#### Work task
When you reach the records below, output each one exactly.

#### Supplied information
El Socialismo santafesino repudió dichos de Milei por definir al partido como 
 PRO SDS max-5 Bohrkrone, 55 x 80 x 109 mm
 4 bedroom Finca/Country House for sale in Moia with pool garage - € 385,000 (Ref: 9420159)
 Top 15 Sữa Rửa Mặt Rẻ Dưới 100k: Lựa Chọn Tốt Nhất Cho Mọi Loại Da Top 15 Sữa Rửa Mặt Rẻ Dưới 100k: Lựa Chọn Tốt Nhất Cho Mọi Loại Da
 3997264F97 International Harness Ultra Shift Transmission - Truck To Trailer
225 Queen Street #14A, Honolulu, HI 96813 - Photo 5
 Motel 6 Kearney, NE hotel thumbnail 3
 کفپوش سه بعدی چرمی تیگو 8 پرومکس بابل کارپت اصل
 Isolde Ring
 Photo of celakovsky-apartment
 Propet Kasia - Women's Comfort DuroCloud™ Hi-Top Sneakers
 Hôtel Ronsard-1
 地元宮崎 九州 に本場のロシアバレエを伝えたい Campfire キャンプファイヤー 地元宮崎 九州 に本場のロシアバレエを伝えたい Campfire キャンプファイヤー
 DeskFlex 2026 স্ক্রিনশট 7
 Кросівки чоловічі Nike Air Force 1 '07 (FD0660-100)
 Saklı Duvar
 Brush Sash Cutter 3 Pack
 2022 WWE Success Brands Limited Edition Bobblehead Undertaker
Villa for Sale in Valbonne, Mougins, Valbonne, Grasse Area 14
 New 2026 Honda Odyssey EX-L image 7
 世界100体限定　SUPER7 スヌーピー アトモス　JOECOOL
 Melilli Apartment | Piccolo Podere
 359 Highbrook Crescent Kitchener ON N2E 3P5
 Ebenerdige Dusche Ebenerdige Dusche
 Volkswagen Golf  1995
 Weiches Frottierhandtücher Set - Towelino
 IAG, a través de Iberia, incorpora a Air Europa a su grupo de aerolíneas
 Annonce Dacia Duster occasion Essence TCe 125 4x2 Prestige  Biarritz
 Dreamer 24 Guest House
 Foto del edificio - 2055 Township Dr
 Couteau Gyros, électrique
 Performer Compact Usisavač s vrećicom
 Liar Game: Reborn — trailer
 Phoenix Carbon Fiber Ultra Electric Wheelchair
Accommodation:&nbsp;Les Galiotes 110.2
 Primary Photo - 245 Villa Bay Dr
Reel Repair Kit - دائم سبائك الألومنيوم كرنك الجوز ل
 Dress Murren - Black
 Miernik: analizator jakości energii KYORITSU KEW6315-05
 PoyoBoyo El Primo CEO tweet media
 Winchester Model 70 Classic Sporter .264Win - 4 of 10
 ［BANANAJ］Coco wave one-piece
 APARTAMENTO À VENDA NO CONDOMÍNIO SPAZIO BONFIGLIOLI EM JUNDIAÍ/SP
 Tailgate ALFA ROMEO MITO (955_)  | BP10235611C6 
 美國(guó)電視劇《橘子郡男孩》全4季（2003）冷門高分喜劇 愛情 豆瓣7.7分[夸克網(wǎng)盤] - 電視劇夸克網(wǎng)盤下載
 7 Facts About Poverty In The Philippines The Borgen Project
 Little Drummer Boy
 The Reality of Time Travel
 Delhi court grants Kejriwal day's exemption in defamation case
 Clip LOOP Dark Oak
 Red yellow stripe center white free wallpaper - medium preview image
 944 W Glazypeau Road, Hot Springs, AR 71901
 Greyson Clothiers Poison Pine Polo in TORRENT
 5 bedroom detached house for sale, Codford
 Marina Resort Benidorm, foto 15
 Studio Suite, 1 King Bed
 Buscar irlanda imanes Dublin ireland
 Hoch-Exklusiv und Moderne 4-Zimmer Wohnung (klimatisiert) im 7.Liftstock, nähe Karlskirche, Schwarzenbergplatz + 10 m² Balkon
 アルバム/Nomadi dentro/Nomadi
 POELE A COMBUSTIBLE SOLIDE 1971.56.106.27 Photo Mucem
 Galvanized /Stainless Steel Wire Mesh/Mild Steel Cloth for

#### Task solution
El Socialismo santafesino repudió dichos de Milei por definir al partido como 
 PRO SDS max-5 Bohrkrone, 55 x 80 x 109 mm
 4 bedroom Finca/Country House for sale in Moia with pool garage - € 385,000 (Ref: 9420159)
 Top 15 Sữa Rửa Mặt Rẻ Dưới 100k: Lựa Chọn Tốt Nhất Cho Mọi Loại Da Top 15 Sữa Rửa Mặt Rẻ Dưới 100k: Lựa Chọn Tốt Nhất Cho Mọi Loại Da
 3997264F97 International Harness Ultra Shift Transmission - Truck To Trailer
225 Queen Street #14A, Honolulu, HI 96813 - Photo 5
 Motel 6 Kearney, NE hotel thumbnail 3
 کفپوش سه بعدی چرمی تیگو 8 پرومکس بابل کارپت اصل
 Isolde Ring
 Photo of celakovsky-apartment
 Propet Kasia - Women's Comfort DuroCloud™ Hi-Top Sneakers
 Hôtel Ronsard-1
 地元宮崎 九州 に本場のロシアバレエを伝えたい Campfire キャンプファイヤー 地元宮崎 九州 に本場のロシアバレエを伝えたい Campfire キャンプファイヤー
 DeskFlex 2026 স্ক্রিনশট 7
 Кросівки чоловічі Nike Air Force 1 '07 (FD0660-100)
 Saklı Duvar
 Brush Sash Cutter 3 Pack
 2022 WWE Success Brands Limited Edition Bobblehead Undertaker
Villa for Sale in Valbonne, Mougins, Valbonne, Grasse Area 14
 New 2026 Honda Odyssey EX-L image 7
 世界100体限定　SUPER7 スヌーピー アトモス　JOECOOL
 Melilli Apartment | Piccolo Podere
 359 Highbrook Crescent Kitchener ON N2E 3P5
 Ebenerdige Dusche Ebenerdige Dusche
 Volkswagen Golf  1995
 Weiches Frottierhandtücher Set - Towelino
 IAG, a través de Iberia, incorpora a Air Europa a su grupo de aerolíneas
 Annonce Dacia Duster occasion Essence TCe 125 4x2 Prestige  Biarritz
 Dreamer 24 Guest House
 Foto del edificio - 2055 Township Dr
 Couteau Gyros, électrique
 Performer Compact Usisavač s vrećicom
 Liar Game: Reborn — trailer
 Phoenix Carbon Fiber Ultra Electric Wheelchair
Accommodation:&nbsp;Les Galiotes 110.2
 Primary Photo - 245 Villa Bay Dr
Reel Repair Kit - دائم سبائك الألومنيوم كرنك الجوز ل
 Dress Murren - Black
 Miernik: analizator jakości energii KYORITSU KEW6315-05
 PoyoBoyo El Primo CEO tweet media
 Winchester Model 70 Classic Sporter .264Win - 4 of 10
 ［BANANAJ］Coco wave one-piece
 APARTAMENTO À VENDA NO CONDOMÍNIO SPAZIO BONFIGLIOLI EM JUNDIAÍ/SP
 Tailgate ALFA ROMEO MITO (955_)  | BP10235611C6 
 美國(guó)電視劇《橘子郡男孩》全4季（2003）冷門高分喜劇 愛情 豆瓣7.7分[夸克網(wǎng)盤] - 電視劇夸克網(wǎng)盤下載
 7 Facts About Poverty In The Philippines The Borgen Project
 Little Drummer Boy
 The Reality of Time Travel
 Delhi court grants Kejriwal day's exemption in defamation case
 Clip LOOP Dark Oak
 Red yellow stripe center white free wallpaper - medium preview image
 944 W Glazypeau Road, Hot Springs, AR 71901
 Greyson Clothiers Poison Pine Polo in TORRENT
 5 bedroom detached house for sale, Codford
 Marina Resort Benidorm, foto 15
 Studio Suite, 1 King Bed
 Buscar irlanda imanes Dublin ireland
 Hoch-Exklusiv und Moderne 4-Zimmer Wohnung (klimatisiert) im 7.Liftstock, nähe Karlskirche, Schwarzenbergplatz + 10 m² Balkon
 アルバム/Nomadi dentro/Nomadi
 POELE A COMBUSTIBLE SOLIDE 1971.56.106.27 Photo Mucem
 Galvanized /Stainless Steel Wire Mesh/Mild Steel Cloth for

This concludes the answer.